Thursday, May 04, 2006

Nutrition and aging.

Recent decades of research in elder populations in developed countries have documented the nutritional vulnerability of older individuals, even under relatively affluent circumstances. Although total energy intake declines with age, requirements for many nutrients go up to maintain organ systems with declining functionality. It is, therefore, more difficult for elderly to meet their nutrient requirements than for younger adults, and the selection of nutrient-dense foods becomes of even greater importance.

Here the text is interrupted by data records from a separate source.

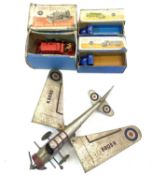 Mixed lot to include: - Clockwork tin plate aeroplane - Dinky Supertoys 531 Leyland Comet Lorry in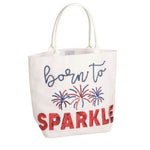 White Americana Sparkle Tote Purses + Totes Mudpie
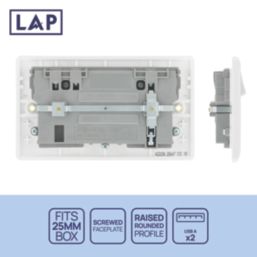 LAP  13A 2-Gang SP Switched Socket + 3.1A 15.5W 2-Outlet Type A USB Charger White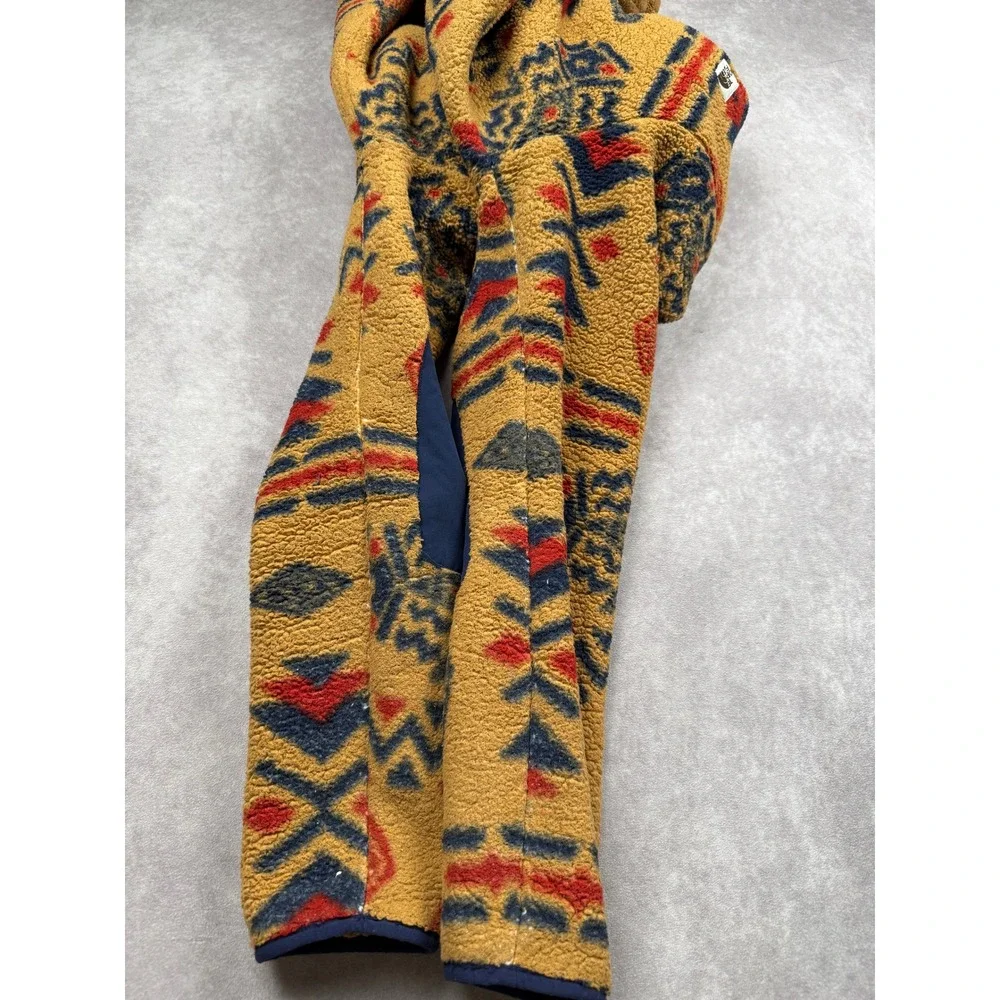 The North Face Men XL* 1/4 Zip Sherpa Fleece Hoodie Southwestern Aztec Yellow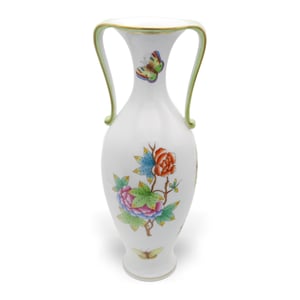 Herend Victoria Amphora Vase - Hand Painted Porcelain - Large Classic Vase
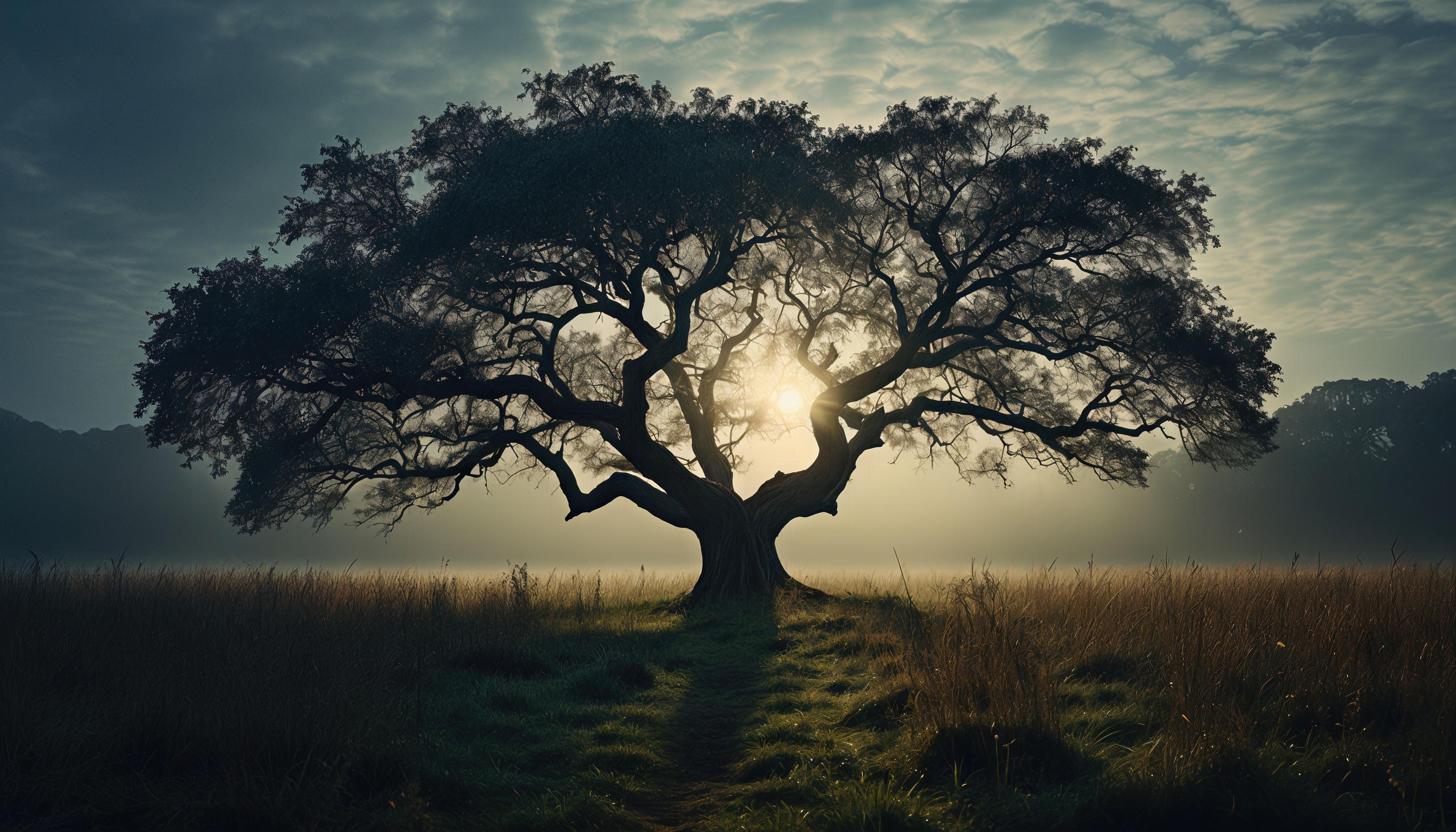 免费照片雾中的树木，阳光穿透枝叶，营造出梦幻般的氛围。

Recent research illustrates that protein adequacy is critical for maintaining functional status with age. It is found that older adults provided with diets containing 0.45 g protein · kg body wt-1 · d-1 for 9 wk had significant losses in lean tissue, immune response and muscle function. Recent studies suggest that protein requirements to retard loss of muscle mass and bone mass with aging in older individuals may be greater than previously thought. Short-term nitrogen balance results suggest that a safe recommended protein intake for older men and women should be 1.0–1.25 g high quality protein /kg/d.



Aging is generally associated with a gradual decrease in muscle mass (sarcopenia). Loss of muscle mass poses significant risks, including lower resting metabolic rate, reduced muscle strength and increased functional dependency. In the combined New Mexico Aging Process Study and the New Mexico Elder Health Survey, the prevalences of sarcopenia and sarcopenic obesity (relatively high ratios of body fat to muscle mass) were 15 and 2%, respectively, in 60–69 y olds and 40 and 10%, respectively, in those more than 80 y of age. Elders at greatest risk for disability and for several chronic diseases in this population were those who were both sarcopenic and obese. In addition to adequate protein intake, resistance exercise has shown great promise in preventing sarcopenia. One study demonstrated that nitrogen excretion decreased 10–15% at the beginning of resistance training and persisted for 12 wk.


Micronutrient inadequacies are common among elderly, even in the most developed countries, and they have increasingly been linked to risk of chronic disease. For example, vitamins B-6, B-12, and folate are required to prevent the accumulation of homocysteine, an amino acid that has been consistently associated with risk of vascular disease, and recent studies have also shown associations between low concentrations of these B vitamins and cognitive decline. In addition, vitamin B-12 is needed to maintain neurological function. Data from several studies suggest that inadequate blood concentrations of these B vitamins are prevalent in older populations. In the Netherlands, 10–45% of adults aged 65 y and older were deficient in vitamin B-6. Older persons have greater difficulty absorbing vitamin B-12 because of atrophic gastritis, a degenerative stomach condition estimated to affect 25–40% of U.S. elderly. Despite apparently adequate intakes of vitamin B-12, relative to recommendations, more than 16% of elders in the U.S. Framingham Study had low vitamin B-12 concentrations. One of the few studies on B vitamins in elderly in Latin America found prevalences of folate deficiency (less than 7 nmol/L) of 51% in men and 33% in women and prevalences of vitamin B-12 deficiency (less than 148 pmol/L) of 51% in men and 31% in women. On the other hand, in a small sample of elderly in Bangkok, Thailand, folate deficiency was found for 21% and vitamin B-12 deficiency was found for only 7% of cases.


Calcium and vitamin D are also nutrients of particular concern for elderly populations. With age, declining renal function leads to malabsorption of calcium and accelerated bone loss. Requirements for vitamin D also increase with aging. Despite the greater availability of sunlight in most developing countries, relative to most developed countries, older individuals often have less exposure than younger adults. Furthermore, with age, there is decreased ability to form previtamin D-3- in skin with UV light exposure. The low calcium and vitamin D in the diets of many developing countries, together with the dietary and physical activity changes associated with the nutrition transition, suggest that osteoporosis will become an increasingly major problem as these populations age.



Antioxidant vitamins, including vitamin C, vitamin E, and a variety of phytochemicals, are important in maintaining effective antioxidant defenses against oxidant stress–related diseases, including cancer, cataract and Alzheimer’s disease. Vitamin E has also been shown to be effective in promoting immune function to fight infection. Very few studies of antioxidant status in developing countries are available. With the nutrition transition toward higher fat, lower fiber diets, attention to maintaining and increasing intakes of traditional fruits, vegetables and whole grains is of considerable importance in helping to control the worldwide increases in incidence of chronic disease.



Interestingly, the nutrients that have received the most attention for maternal and child nutrition—iron and vitamin A—are required in lower amounts by elderly than by younger adults. There is decreased clearance of vitamin A by hepatic and other peripheral tissues with age. Similarly, iron stores accumulate with age, and high serum ferritin has been associated with greater risk of coronary heart disease. Consequently, micronutrient fortification programs should consider the possible effects on the growing elderly segment of their populations.